Pressemeldung vom 8. Mai 2013

Für einen öffentlich-rechtlichen Jugendkanal, DVB-T 2 und ein eigenständiges Medienrecht

medienpolitik.net mit exklusiver Videoberichterstattung vom Medientreffpunkt Mitteldeutschland 2013 in Leipzig

Berlin, 08. Mai 2013. medienpolitik.net berichtet mit aktuellen Interviews und Videobeiträgen vor Ort vom derzeit stattfindenden Medientreffpunkt Mitteldeutschland 2013 in Leipzig (http://www.medienpolitik.net). Im Interview mit medienpolitik.net äußern sich Branchenexperten zu gegenwärtig kontrovers diskutierten Themen.

Hinsichtlich der Diskussion um einen öffentlich-rechtlichen Jugendkanal erklärt Thüringens Ministerpräsidentin Christine Lieberknecht auf dem Medientreffpunkt Mitteldeutschland: „Der Bedarf für einen Jugendkanal bzw. eine Jugendplattform ist unbestritten.
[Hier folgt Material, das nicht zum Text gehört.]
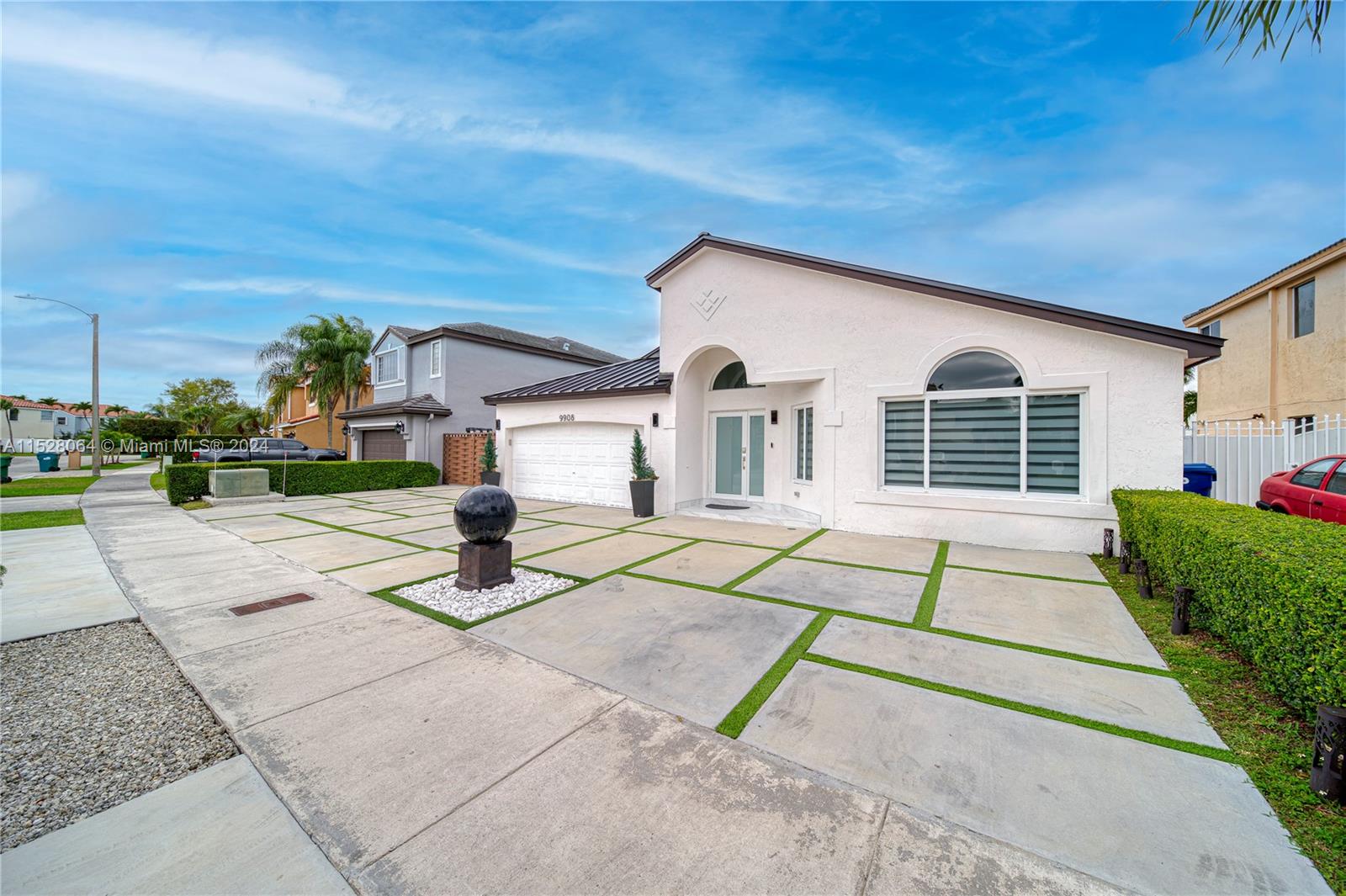 9908 SW 154th Pl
Fraglich ist nur, welchen Weg wir gehen, um die Akzeptanz bei den Jugendlichen für ein solches Angebot zu finden. Es müssen ‚aus der Perspektive der Jugendlichen‘ die Stärken von ARD und ZDF genutzt werden“.

In Interviews fordern Dr. Andreas Bereczky, Produktionsdirektor des ZDF, und Siegfried Schneider, Präsident der BLM, gegenüber medienpolitik.net die politische Akzeptanz für die Weiterentwicklung des digitalen Antennenfernsehens DVB-T zum Format DVB-T 2, das eine höhere Qualität und eine Verschlüsselung ermöglicht. Trotz der Absage von RTL an DVB-T sehen beide Experten gute Chancen, dass DVB-T 2 im Jahr 2015 starten könnte.

Für ein eigenständiges Medienrecht plädiert der Kartellrechtler Prof. Dr. K. Peter Mailänder im Gespräch mit medienpolitik.net. „Das Kartellrecht ersetzt keinesfalls die Medienregulierung“, so Mailänder. Das Wettbewerbsrecht sei nicht geeignet, um mit Google und anderen großen Akteuren adäquat umzugehen. Presse, öffentlich-rechtliches und privates Fernsehen sowie das Internet bewegen sich längst auf einem Markt, sind aber völlig unterschiedlichen Regimes unterstellt. Das sei nach Ansicht Mailänders, der auch Mitglied der Kommission zur Ermittlung der Konzentration in den Medien (KEK) ist, nicht mehr zeitgemäß.

ENDE

medienpolitik.net-Newsletter
Anmeldung unter: http://www.medienpolitik.net/medienpolitik-net-email-update/

www.medienpolitik.net

Pressekontakt
medienpolitik.net
c/o GOLDMEDIA: Juliane Gille,
Tel: +4930-246 266-0, Juliane.Gille@Goldmedia.de

Kontakt Redaktion medienpolitik.net
info@medienpolitik.net
+4930-246 266-0
Redaktionsleitung: Helmut Hartung und Clemens Appel

medienpolitik.net
medienpolitik.net ist ein Gemeinschaftsprojekt des medienpolitischen Magazins promedia und des Medienberatungsunternehmens Goldmedia Political & Staff Advising GmbH. medienpolitik.net begleitet und kommentiert als Forum die wichtigsten Ereignisse und Entwicklungen in der Medien- und Netzpolitik. medienpolitik.net zielt auf eine breite Debatte zwischen den klassischen Vertretern der Contentwirtschaft, den neuen Online-Anbietern, der Netzgemeinde, den Nutzern und kreativen Urhebern.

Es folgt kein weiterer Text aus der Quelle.